When to Use Streaming
Streaming is particularly valuable in three scenarios:
- Large crawls: Any crawl with
limitover 50 pages. Without streaming, the response buffer grows until the entire crawl completes, which can hit HTTP timeouts or memory limits. - Real-time pipelines: When you need to process, embed, or store data as it arrives, for example feeding a RAG pipeline or vector database during the crawl.
- Progress tracking: Each streamed line tells you which page was crawled and its status, so you can show progress to users or log metrics incrementally.
Python: Streaming with the API
Use the requests library with stream=True and iterate over lines as they arrive.

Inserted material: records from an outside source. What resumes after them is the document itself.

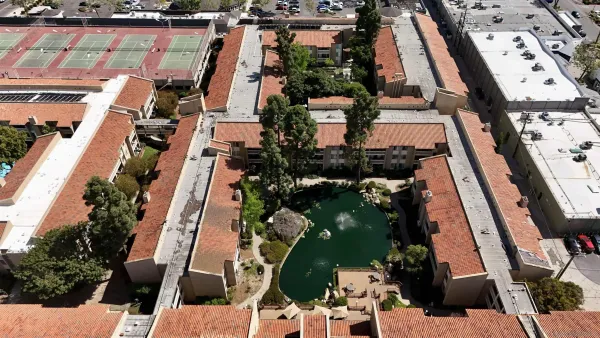 an aerial view of a residential houses with street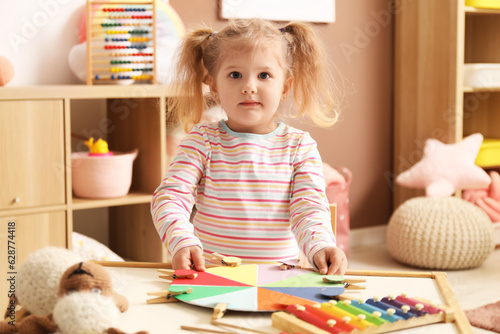 Cute little girl playing ma...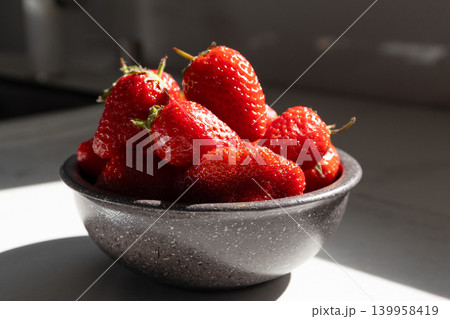 Close-up of ripe strawberries in gray bowl under soft daylight. Fresh red berries with green leaves on white surface. Healthy fruit concept for summer snacks and organic eating. Close-up of ripe strawberries in gray bowl under soft daylight. Fresh red berries with green leaves on white surface. Healthy fruit concept for summer snacks and organic eating. 139958419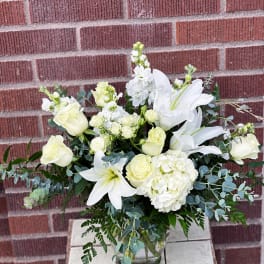 White roses and lilies arranged in a glass vase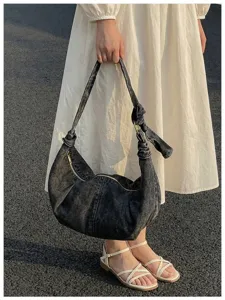 Detail view of a large capacity denim hobo bag held by a person in a white dress.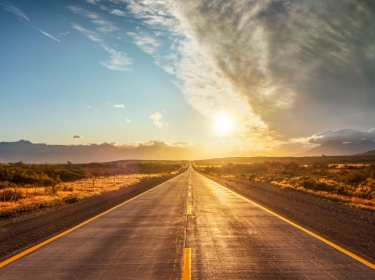 Highway headed toward the sun, photo by DieterMeyrl/Getty Images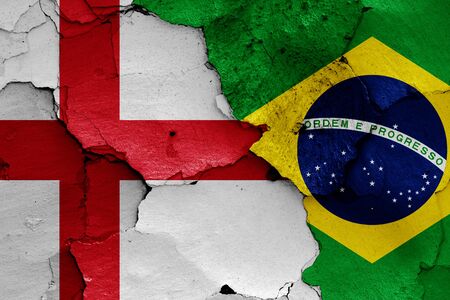 flags of England and Brazil painted on cracked wallの写真素材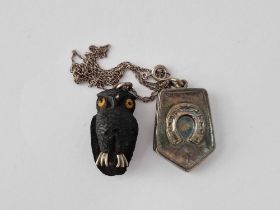 A Bog Oak Owl Pendant And Silver Locket In Box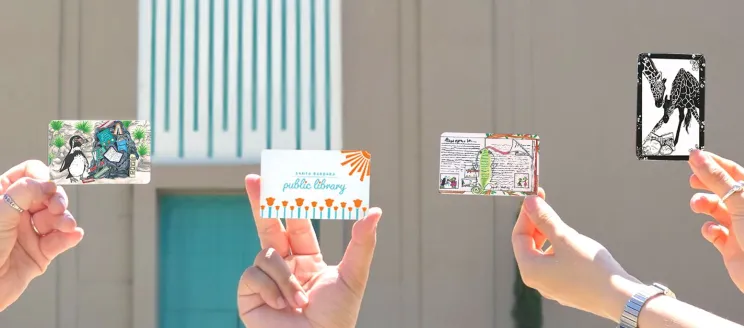 Library Cards being held up in front of the Central Library
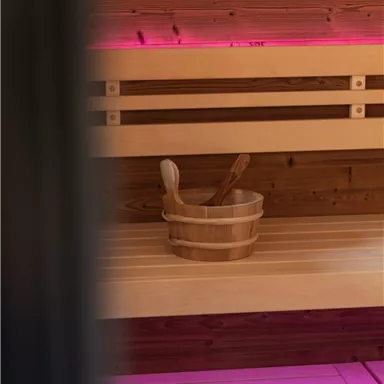 A cozy sauna with wooden shelves and a wooden bucket. Gentle, pink light creates a relaxing atmosphere.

Python: Streaming Responses
import requests, json, os
def process_page(page: dict):
url = page.get("url", "unknown")
status = page.get("status", 0)
content = page.get("content", "")
print(f"Crawled: {url} ({status}) - {len(content)} chars")
headers = {
'Authorization': f'Bearer {os.getenv("SPIDER_API_KEY")}',
'Content-Type': 'application/jsonl',
}
response = requests.post(
'https://api.spider.cloud/crawl',
headers=headers,
json={
"url": "https://www.example.com",
"limit": 100,
"depth": 3,
"request": "smart",
"return_format": "markdown"
},
stream=True,
timeout=120
)
response.raise_for_status()
for line in response.iter_lines(decode_unicode=True):
if line:
page = json.loads(line)
process_page(page)Python: Streaming with the SDK
The Python SDK has built-in streaming support via the stream and callback parameters.
Python SDK: Streaming
from spider import Spider
app = Spider()
def handle_page(page: dict) -> None:
print(f"Crawled: {page['url']} ({page['status']})")
result = app.crawl_url(
"https://www.example.com",
params={
"limit": 100,
"depth": 3,
"request": "smart",
"return_format": "markdown"
},
stream=True,
callback=handle_page,
)Node.js: Streaming
Use the Fetch API with a ReadableStream to process each line as it arrives.

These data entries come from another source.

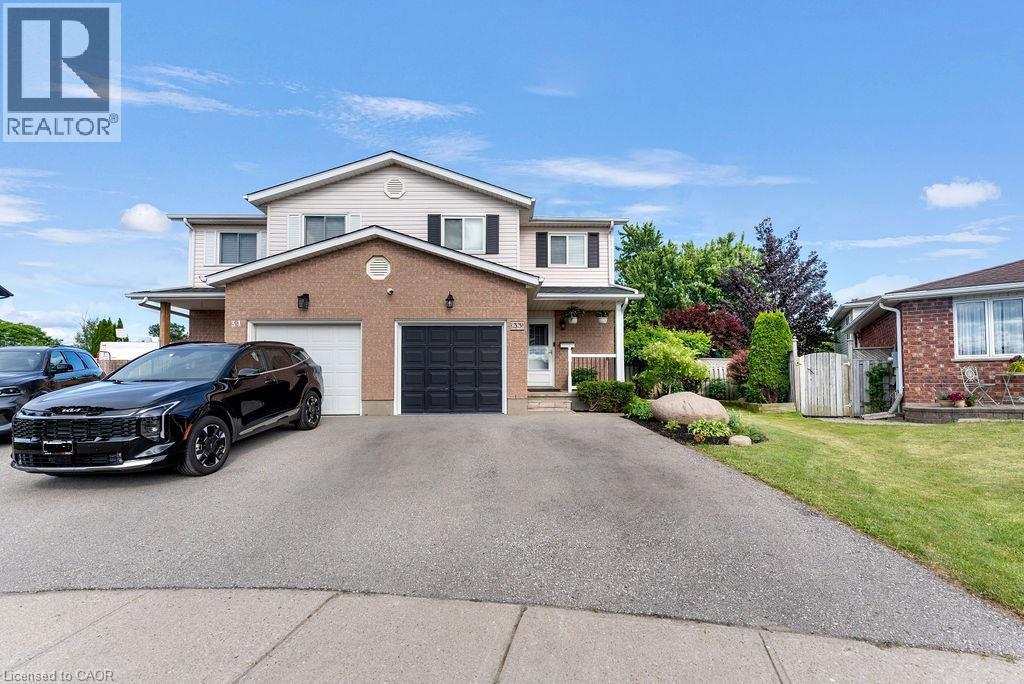 Two-story residence featuring brick and siding exterior, a two-car garage with both panel and carriage-style doors, and a paved driveway - 33 Remple Court, Cambridge, ON - Outdoor With Facade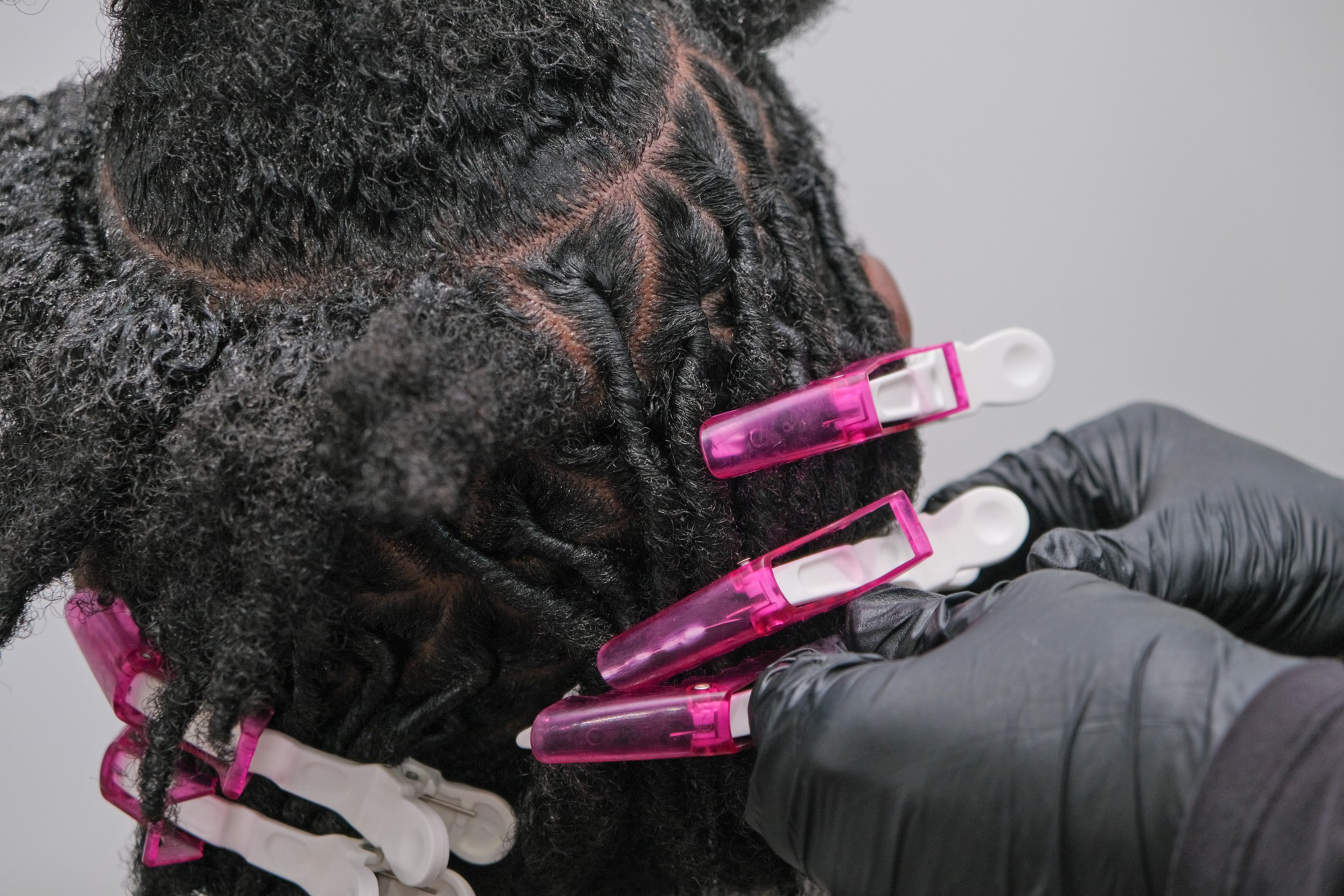 A hand in a black glove is styling textured hair with pink hair clips.
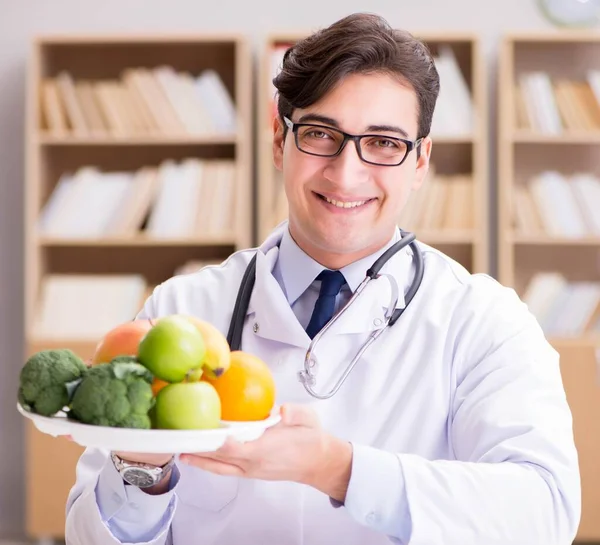 Scientist studying nutrition in various food — Stock Photo, Image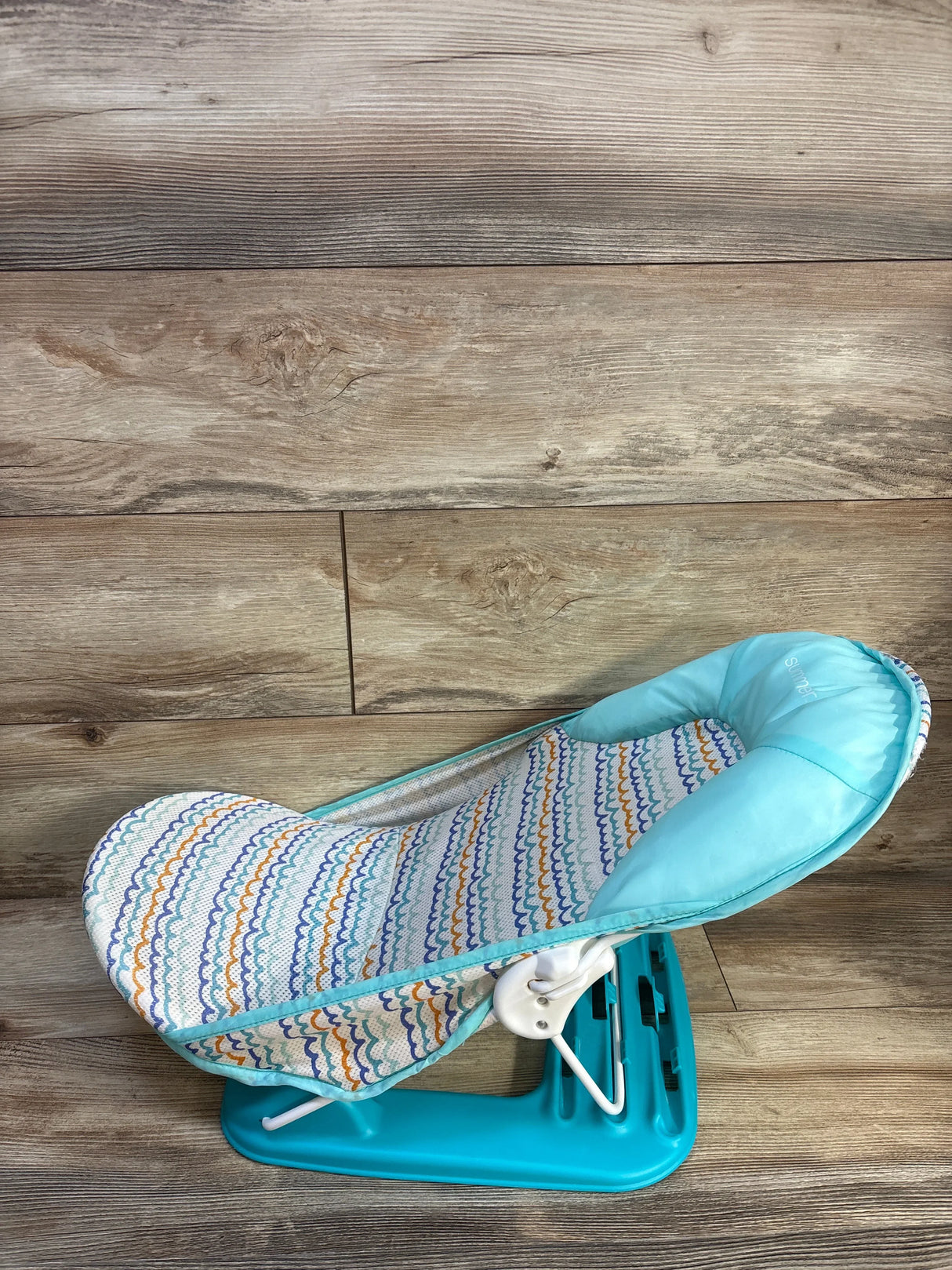 Side view of Summer Infant Foldaway baby bather showing turquoise base, padded head support, patterned seat on wood background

Node.js: Streaming Responses
const response = await fetch('https://api.spider.cloud/crawl', {
method: 'POST',
headers: {
'Authorization': `Bearer ${process.env.SPIDER_API_KEY}`,
'Content-Type': 'application/jsonl',
},
body: JSON.stringify({
url: 'https://www.example.com',
limit: 100,
depth: 3,
request: 'smart',
return_format: 'markdown',
}),
});
const reader = response.body.getReader();
const decoder = new TextDecoder();
let buffer = '';
while (true) {
const { done, value } = await reader.read();
if (done) break;
buffer += decoder.decode(value, { stream: true });
const lines = buffer.split('\n');
buffer = lines.pop(); // Keep incomplete line in buffer
for (const line of lines) {
if (line.trim()) {
const page = JSON.parse(line);
console.log(`Crawled: ${page.url} (${page.status})`);
}
}
}